* Prompt
Make an exact copy of the records, dropping all pictures.

◆ ◆ ◆ ◆

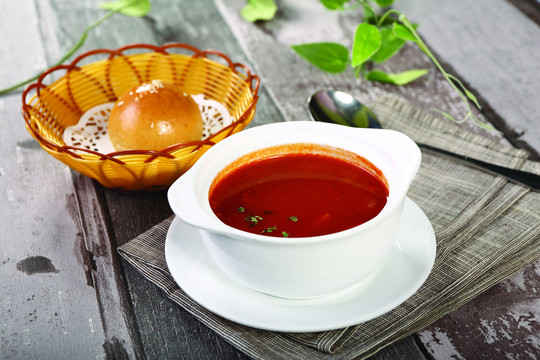 羅宋湯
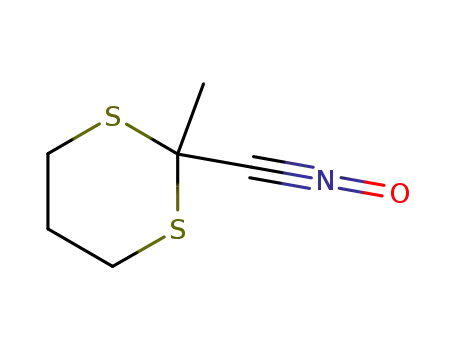 2-methyl-1,3-dithiane-2-carbonitrile Oxide
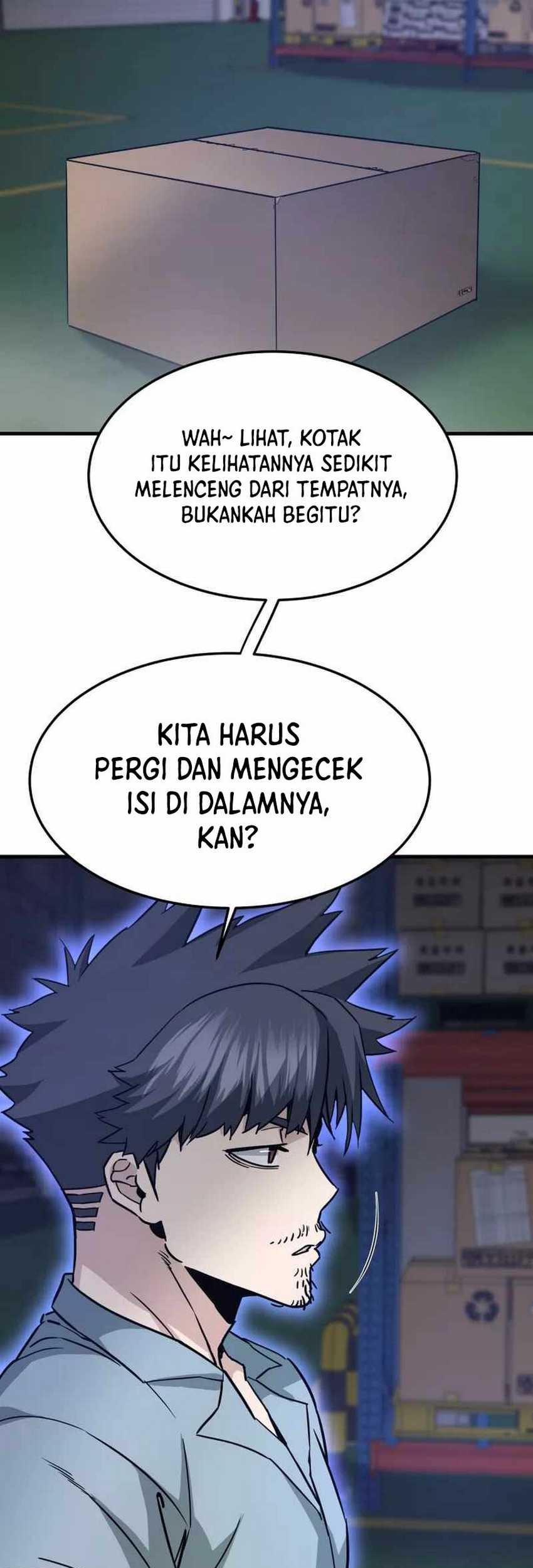 Han Dae Sung Returned From Hell Chapter 111 Gambar 53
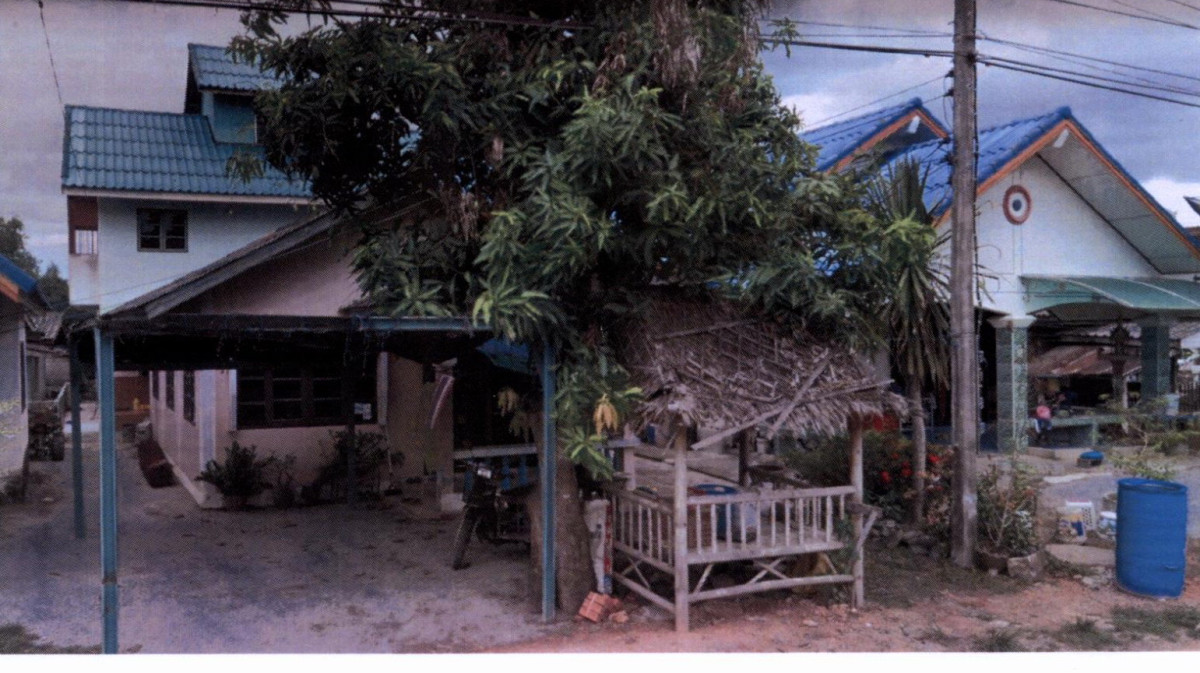 Single house Phatthalung Bang Kaeo Na Pakho 817428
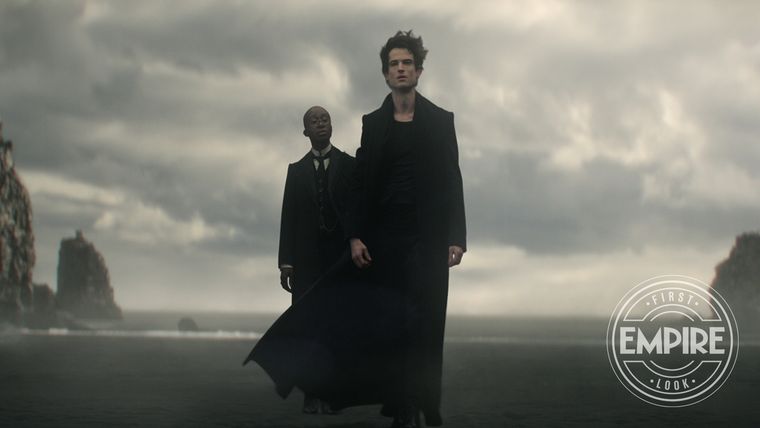 Morfeo luce impresionante en la adaptación de Netflix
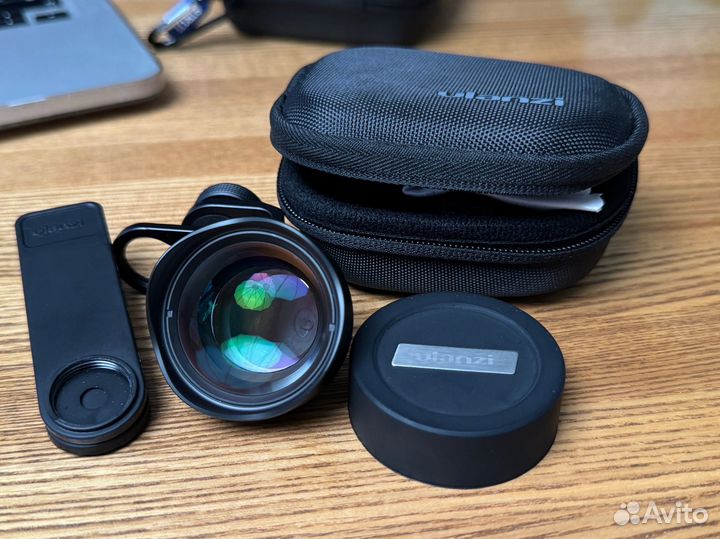 Объектив макро Ulanzi 75мм макро для смартфона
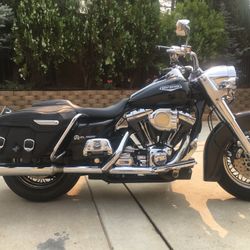 2002 Harley-Davidson Road King 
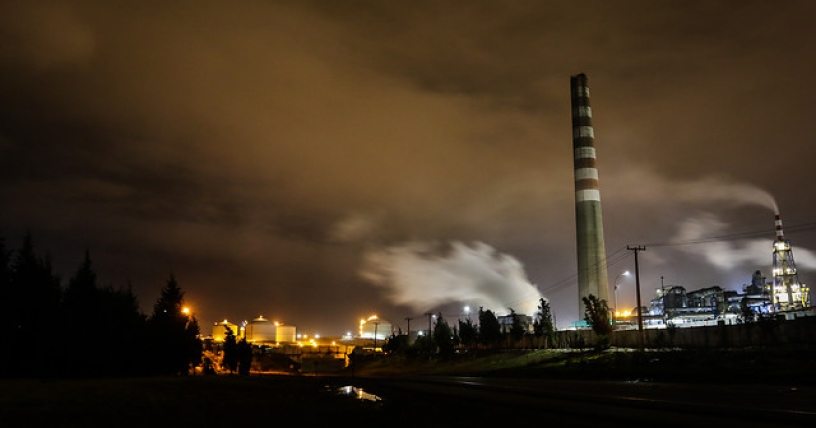 Codelco reconoce que evalúa potencial cierre de fundición Ventanas: proceso demandará al menos US$ 150 millones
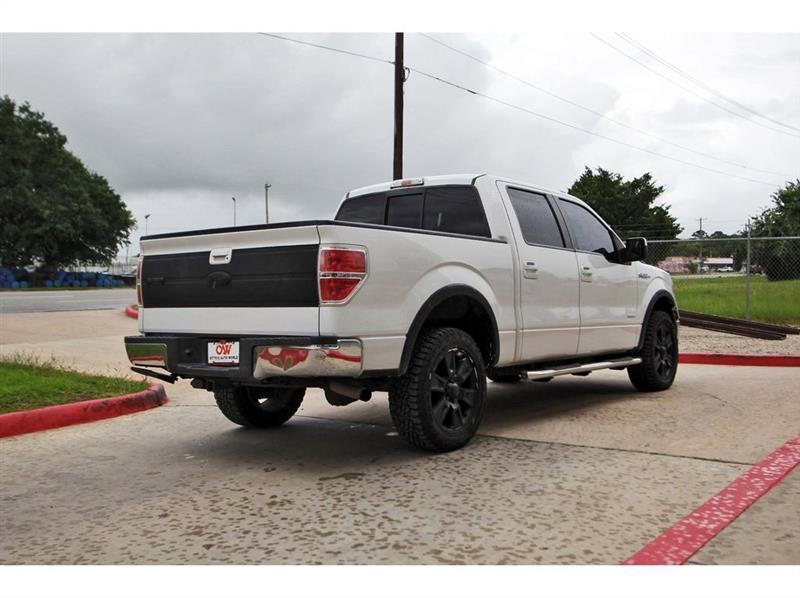 Ford F-150  2012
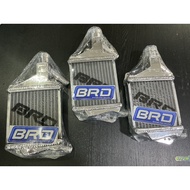 Aluminum Radiator BRD CLICK 160 Water Genuine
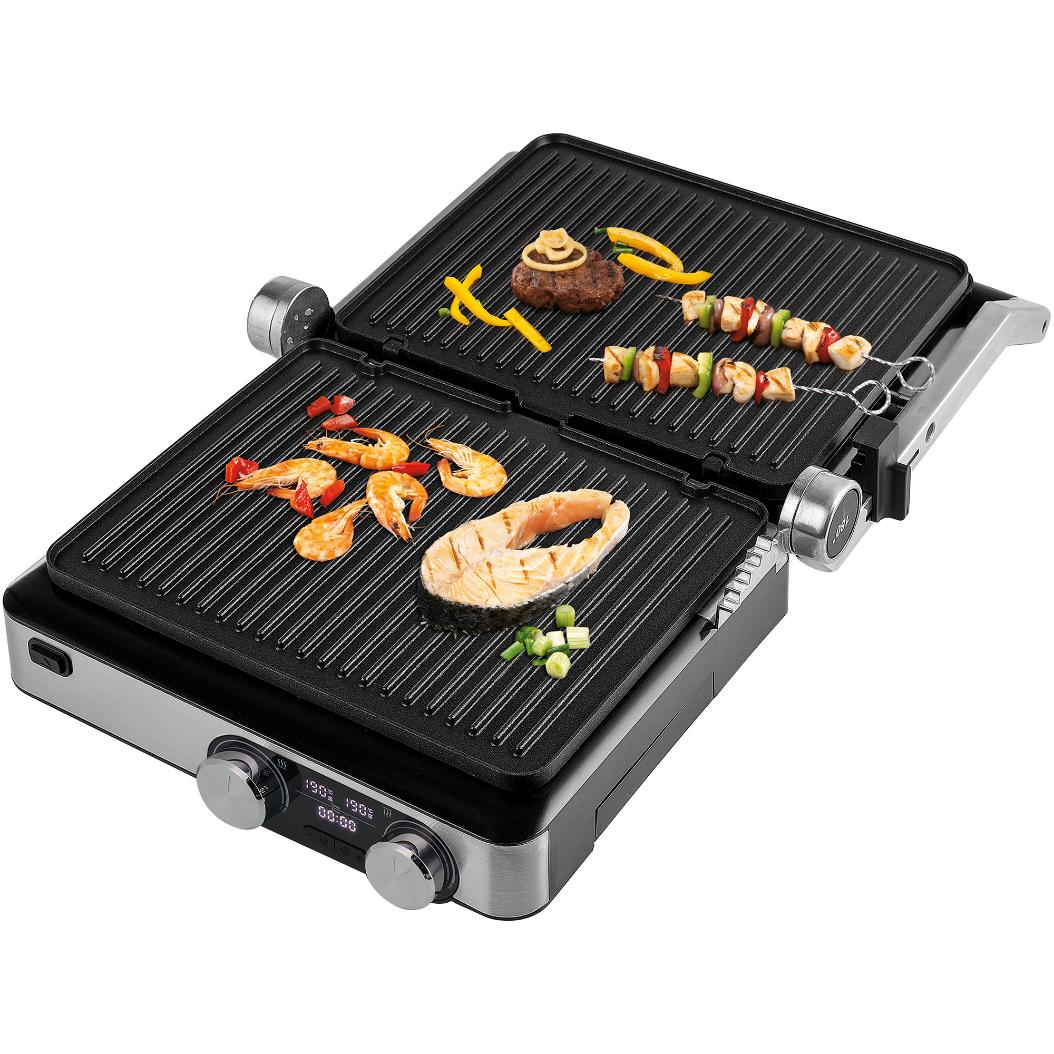 Princess digitaalinen grilli Master Pro 2000 W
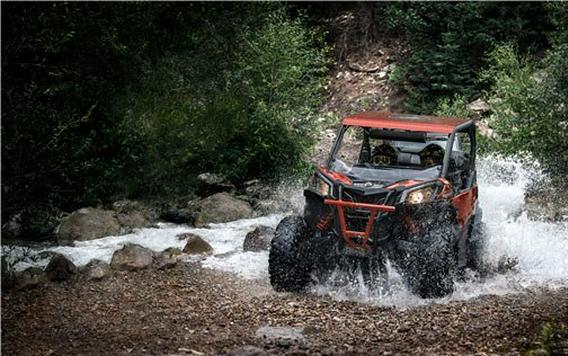2019 Can-Am Maverick Sport DPS 1000R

◆ ◆ ◆ ◆

* Response below
 羅宋湯
 2-methyl-1,3-dithiane-2-carbonitrile Oxide
 Han Dae Sung Returned From Hell Chapter 111 Gambar 53
 Single house Phatthalung Bang Kaeo Na Pakho 817428
 Morfeo luce impresionante en la adaptación de Netflix
 Объектив макро Ulanzi 75мм макро для смартфона
 2002 Harley-Davidson Road King 
 Codelco reconoce que evalúa potencial cierre de fundición Ventanas: proceso demandará al menos US$ 150 millones
 Ford F-150  2012
 Aluminum Radiator BRD CLICK 160 Water Genuine
 Princess digitaalinen grilli Master Pro 2000 W
2019 Can-Am Maverick Sport DPS 1000R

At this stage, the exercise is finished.